- [PROBLEM DESCRIPTION]: Given the entries that follow, write out exactly the lines starting at the one containing "Fresh green produce" and ending at the one containing "EL LANZAROTE PLAYAS", both ends included, and only those.

- [EXTRACTED ENTRIES]:
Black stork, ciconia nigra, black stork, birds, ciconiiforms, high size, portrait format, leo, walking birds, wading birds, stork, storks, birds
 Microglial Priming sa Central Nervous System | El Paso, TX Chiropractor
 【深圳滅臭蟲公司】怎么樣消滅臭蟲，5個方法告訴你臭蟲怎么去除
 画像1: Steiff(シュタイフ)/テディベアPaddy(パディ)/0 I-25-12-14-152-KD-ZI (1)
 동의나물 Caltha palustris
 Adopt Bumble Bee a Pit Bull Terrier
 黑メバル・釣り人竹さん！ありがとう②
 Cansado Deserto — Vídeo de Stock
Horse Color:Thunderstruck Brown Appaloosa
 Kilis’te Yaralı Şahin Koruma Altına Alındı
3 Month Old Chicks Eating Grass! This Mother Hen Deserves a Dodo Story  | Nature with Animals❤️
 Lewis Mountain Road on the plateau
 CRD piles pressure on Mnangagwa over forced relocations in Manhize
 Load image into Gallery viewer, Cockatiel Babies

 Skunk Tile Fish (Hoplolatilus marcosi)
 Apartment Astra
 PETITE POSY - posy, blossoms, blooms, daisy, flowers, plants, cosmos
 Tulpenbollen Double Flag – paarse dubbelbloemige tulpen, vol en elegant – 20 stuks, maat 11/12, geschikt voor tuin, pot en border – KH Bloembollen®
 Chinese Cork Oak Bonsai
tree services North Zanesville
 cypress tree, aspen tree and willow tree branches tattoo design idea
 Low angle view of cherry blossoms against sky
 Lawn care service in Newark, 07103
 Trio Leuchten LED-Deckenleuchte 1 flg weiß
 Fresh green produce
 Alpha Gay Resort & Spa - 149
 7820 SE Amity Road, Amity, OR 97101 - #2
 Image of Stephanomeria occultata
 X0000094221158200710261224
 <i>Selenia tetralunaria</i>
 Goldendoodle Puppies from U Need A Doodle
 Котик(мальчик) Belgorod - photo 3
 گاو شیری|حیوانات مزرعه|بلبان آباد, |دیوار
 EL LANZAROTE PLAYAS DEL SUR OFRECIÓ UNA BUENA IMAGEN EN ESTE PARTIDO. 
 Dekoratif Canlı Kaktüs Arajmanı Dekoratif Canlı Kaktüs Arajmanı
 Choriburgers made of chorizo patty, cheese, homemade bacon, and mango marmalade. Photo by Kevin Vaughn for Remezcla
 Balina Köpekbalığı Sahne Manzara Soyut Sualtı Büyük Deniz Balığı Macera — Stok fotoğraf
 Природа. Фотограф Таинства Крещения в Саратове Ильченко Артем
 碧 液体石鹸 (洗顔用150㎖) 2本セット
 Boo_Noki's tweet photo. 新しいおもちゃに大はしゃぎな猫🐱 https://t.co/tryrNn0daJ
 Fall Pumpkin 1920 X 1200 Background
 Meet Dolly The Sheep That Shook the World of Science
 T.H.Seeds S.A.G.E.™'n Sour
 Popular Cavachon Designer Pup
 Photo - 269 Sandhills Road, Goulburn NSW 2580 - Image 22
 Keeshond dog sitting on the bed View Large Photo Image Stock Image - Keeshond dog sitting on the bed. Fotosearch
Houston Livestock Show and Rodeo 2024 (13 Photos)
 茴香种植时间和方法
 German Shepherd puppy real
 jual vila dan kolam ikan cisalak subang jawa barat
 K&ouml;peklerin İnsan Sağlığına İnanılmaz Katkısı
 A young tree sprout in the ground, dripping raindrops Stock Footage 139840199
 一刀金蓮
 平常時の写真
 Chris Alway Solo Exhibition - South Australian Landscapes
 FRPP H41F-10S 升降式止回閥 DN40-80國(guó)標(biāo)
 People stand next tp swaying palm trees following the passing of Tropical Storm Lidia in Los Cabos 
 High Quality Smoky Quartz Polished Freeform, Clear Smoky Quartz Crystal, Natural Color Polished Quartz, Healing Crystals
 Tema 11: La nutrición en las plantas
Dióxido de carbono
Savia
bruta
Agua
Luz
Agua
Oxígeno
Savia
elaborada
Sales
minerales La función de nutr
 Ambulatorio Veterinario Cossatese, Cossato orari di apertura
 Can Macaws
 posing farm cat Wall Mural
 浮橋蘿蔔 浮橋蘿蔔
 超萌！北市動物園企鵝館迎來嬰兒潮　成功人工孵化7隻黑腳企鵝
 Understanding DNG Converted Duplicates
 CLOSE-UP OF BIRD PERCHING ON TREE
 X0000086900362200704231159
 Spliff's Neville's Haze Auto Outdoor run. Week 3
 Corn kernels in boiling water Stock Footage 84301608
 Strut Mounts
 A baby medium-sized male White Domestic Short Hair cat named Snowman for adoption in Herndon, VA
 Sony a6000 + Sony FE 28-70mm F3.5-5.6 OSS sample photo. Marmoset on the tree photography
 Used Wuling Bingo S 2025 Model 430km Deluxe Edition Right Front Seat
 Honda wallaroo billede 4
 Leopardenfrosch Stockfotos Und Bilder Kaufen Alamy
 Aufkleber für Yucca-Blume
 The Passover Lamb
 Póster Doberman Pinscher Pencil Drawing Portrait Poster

- [WRITTEN SOLUTION]:
 Fresh green produce
 Alpha Gay Resort & Spa - 149
 7820 SE Amity Road, Amity, OR 97101 - #2
 Image of Stephanomeria occultata
 X0000094221158200710261224
 <i>Selenia tetralunaria</i>
 Goldendoodle Puppies from U Need A Doodle
 Котик(мальчик) Belgorod - photo 3
 گاو شیری|حیوانات مزرعه|بلبان آباد, |دیوار
 EL LANZAROTE PLAYAS DEL SUR OFRECIÓ UNA BUENA IMAGEN EN ESTE PARTIDO. 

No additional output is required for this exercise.